Thursday, March 24, 2011

This would include Shamrock Shakes...

Yeah - I know. They aren't really milkshakes. Or even good food. But once a week when I commute to USFR, I whiz through a McD drive-through for a Shamrock Shake.

It turns out I'm spending to maximize my happiness like a serious engineer.
A new exciting paper in the forthcoming Journal of Consumer Psychology makes the case that money should buy us happiness, but most people aren't spending it right. On the edge of psychology and economics, Profs. Daniel Gilbert, Elizabeth Dunn and Timothy Wilson lay out eight principles of spending efficiently, including:

1) Buy more experiences and fewer material objects
2) Buy many small things rather than a few large things
3) Avoid extended warranties and outsized insurance plans 

It's easy to nod and say this is all very well, but the older I get the more logical this sounds.
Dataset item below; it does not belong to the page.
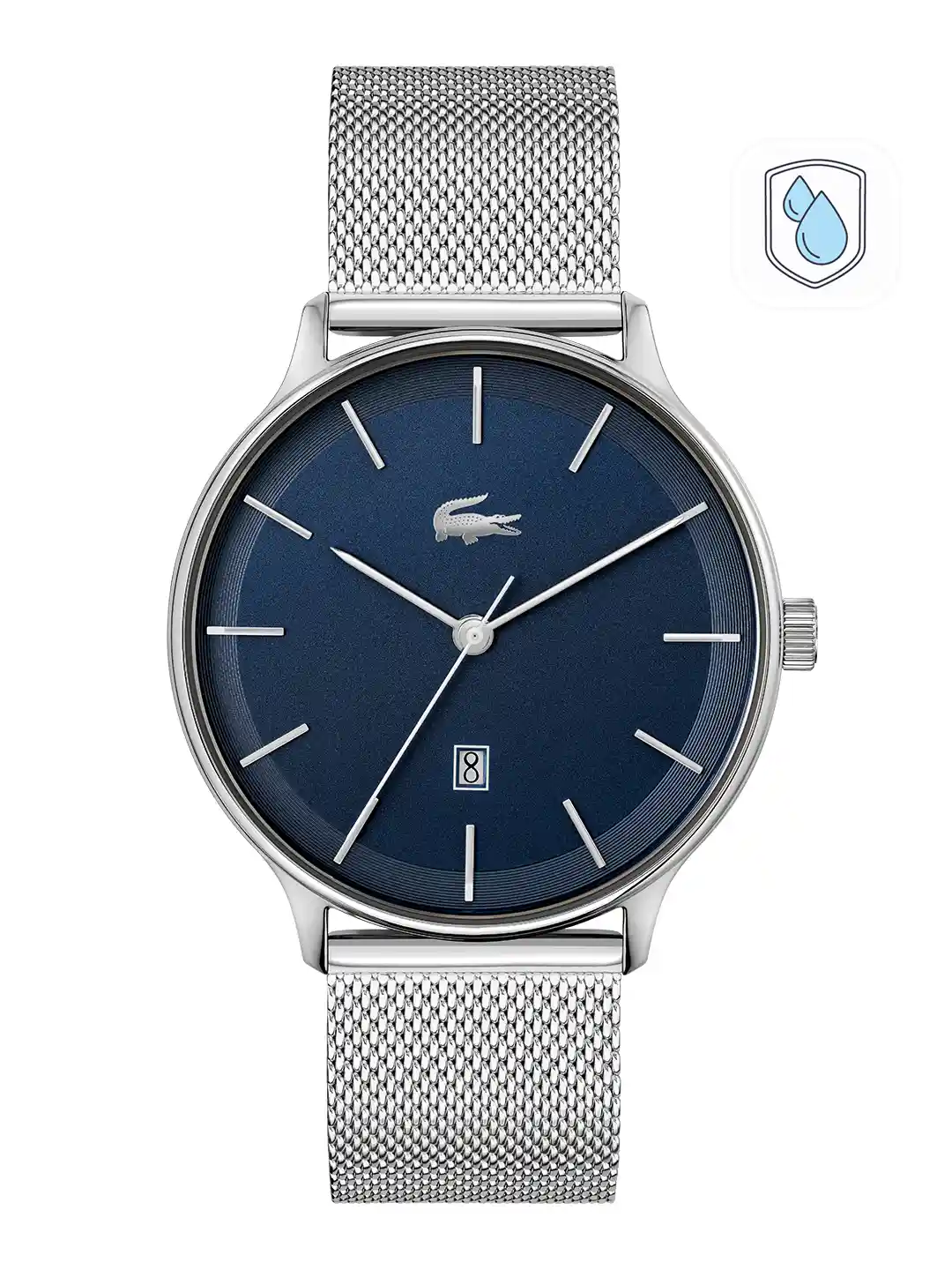 Buy Lacoste Men Blue Dial Silver Toned Bracelet Style Straps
At any rate, we are shifting our consumption patterns gradually to "repeatable joys" (our phrase). We seem to have enough stuff.

With the possible exception of just a few new power tools for my new woodshop greenhouse support structure.

Also, never buy the extended warranty.

1 comment:

Anonymous said...

Someone could even write a book on the topic and build business models around the idea. The Experience Economy by David Brooks.